Retomemos la historia. Pensar que más de uno de nuestros antepasados se partió alguna que otra muela en el intento de hacerse una buena paella con mejillones de hace 60 millones de años (a partir de ahora Ma, del latín mega annum), duros como una mala cosa, da penita, pero algo de gracia tiene. O, por qué no, imaginarnos las innumerables historias que se debían de contar alrededor de una hoguera para intentar justificar estas rarezas, nos hace aún más gracia. Lo mejor de todo no son las preguntas que suponemos que se hacían, que en el fondo son bastante de sentido común. Lo mejor, sin lugar a dudas, debían de ser las respuestas, y como todo en la vida, cuanto más creativas, mucho mejor.

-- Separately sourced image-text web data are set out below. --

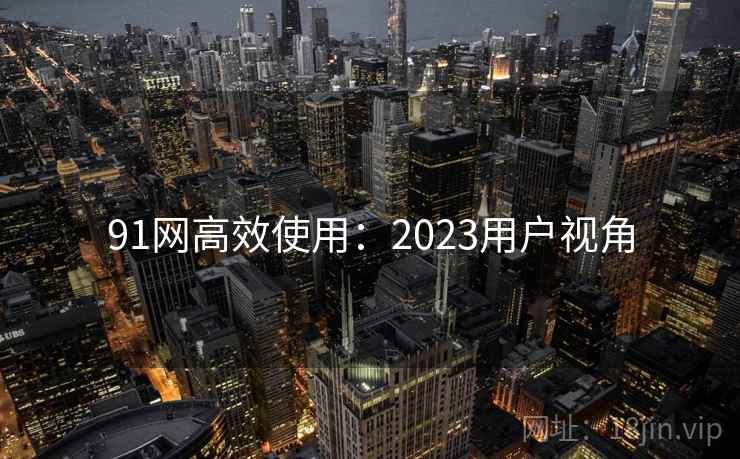 91网高效使用:2023用户视角 第1张 91网高效使用:2023用户视角 第1张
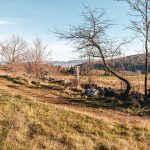 Крајпуташ Милану Ракоњцу у Мишевићима, Акмачићи (фото Бојан Радојичић)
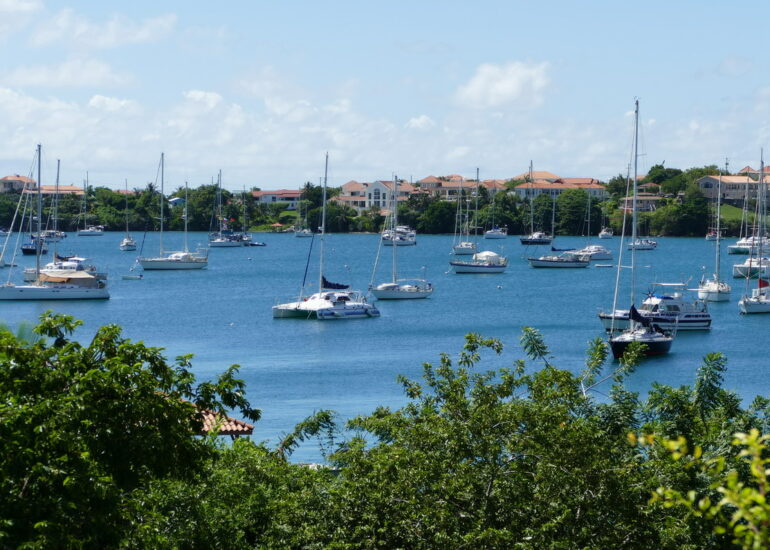 12. Prickly bay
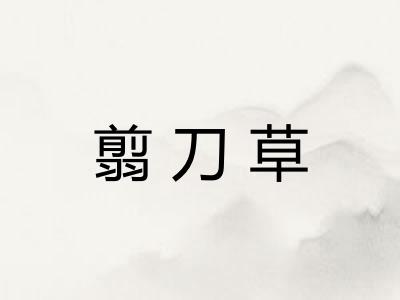 翦刀草 翦刀草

Algunas seguro que eran relativamente lógicas y terrenales, ya sabes, siempre tiene que haber un hermano contenido en toda familia. Otras respuestas, por qué no, tenían que ser algo mágicas y disparatadas. Tenemos mucha fe en la creatividad y en la locura de nuestros antepasados; además, intentar justificar tales rarezas puede llegar a ser muy místico. Las pruebas nos indican claramente que el ser humano y el misticismo son, sin duda, la pareja del año, la historia de amor verdadero más antigua del mundo, como si se tratara de una telenovela con un buen drama y una buena ida de olla.

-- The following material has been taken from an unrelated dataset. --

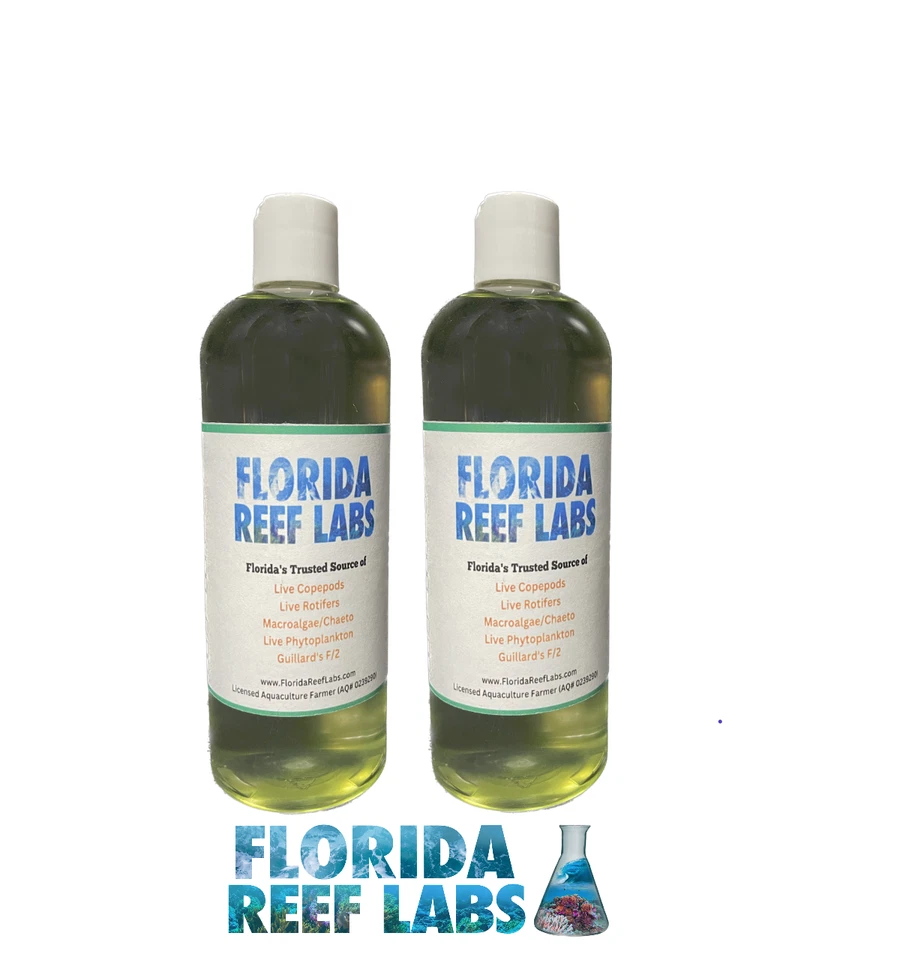 LIVE Marine Rotifers L-Strain 32oz - Florida Reef Labs® - ENVÍO RÁPIDO Foto 4 de 4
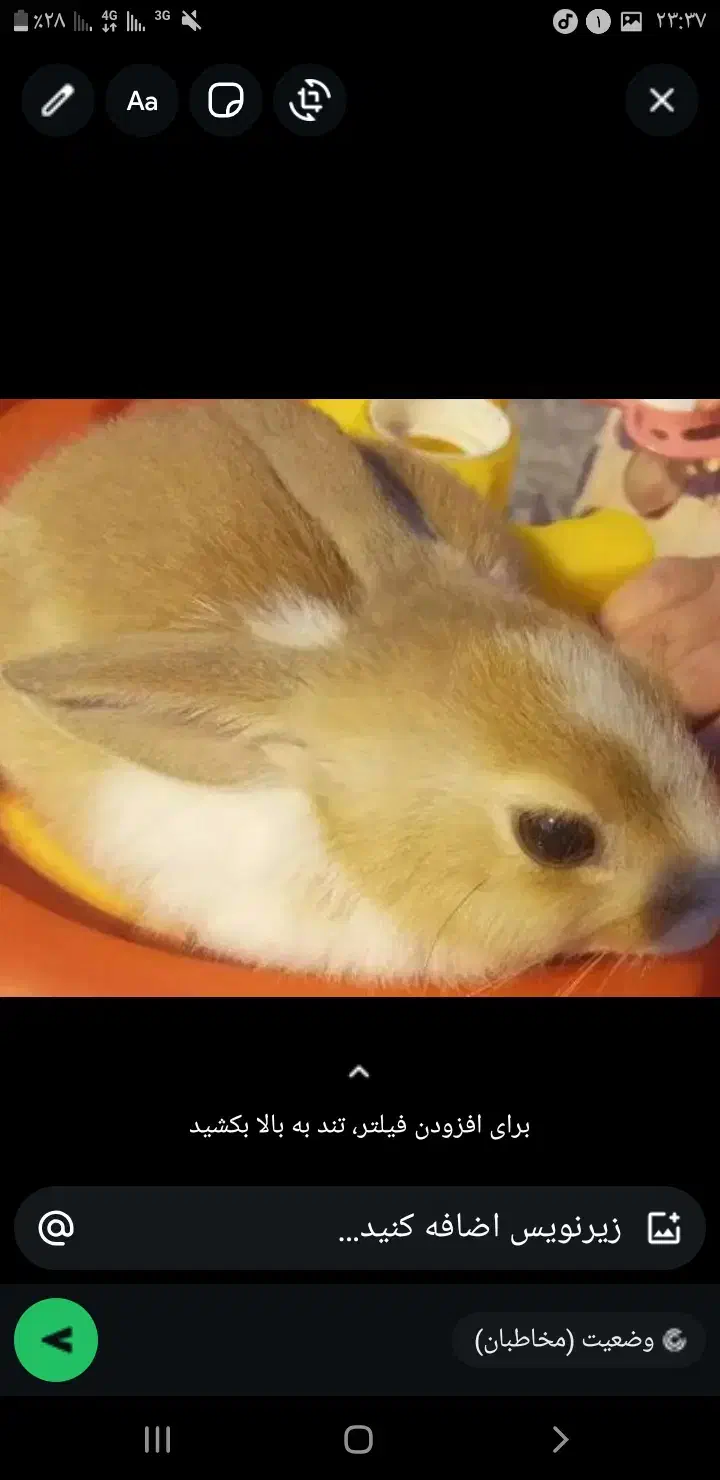 خرگوش همه رنگ موجوده قیمت ۳۰۰|موش و خرگوش|بندر ماهشهر, |دیوار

Así que, para poder alejarnos un poco del misticismo que sinceramente nos gusta y nos repele a partes iguales, y entender un poco el origen perdido y la evolución de la vida en la Tierra, debemos adentrarnos en la paleontología como ciencia, dejándonos de puñetas mágicas y de ciencia ficción. Ahora bien, sin lugar a dudas, hemos de entender primero los conceptos básicos que rigen nuestra ciencia, y empezaremos por saber qué recórcholis es un fósil, más allá de que sea una piedra.
PERO ¿QUÉ ES UN FÓSIL?
Iremos directos al grano. La palabra fósil viene del latín fossile («que se ha de excavar»), que a su vez proviene del verbo también latino fodere («excavar»). Hasta aquí muchas complicaciones no se buscó Plinio el Viejo. Sí, Plinio el Viejo, del siglo i, fue el primero en acuñar este término para describir todo cuerpo extraño que saliera al excavar el suelo, es decir, los ovnis de la geología. Pero como todo, una cosa es la terminología o etimología (el origen de las palabras) y otra mucho más compleja es la definición real y actualizada de estas. A lo largo de los más de dos mil años desde su primer uso, inevitablemente el término fósil ha cambiado, y su definición se ha ceñido considerablemente.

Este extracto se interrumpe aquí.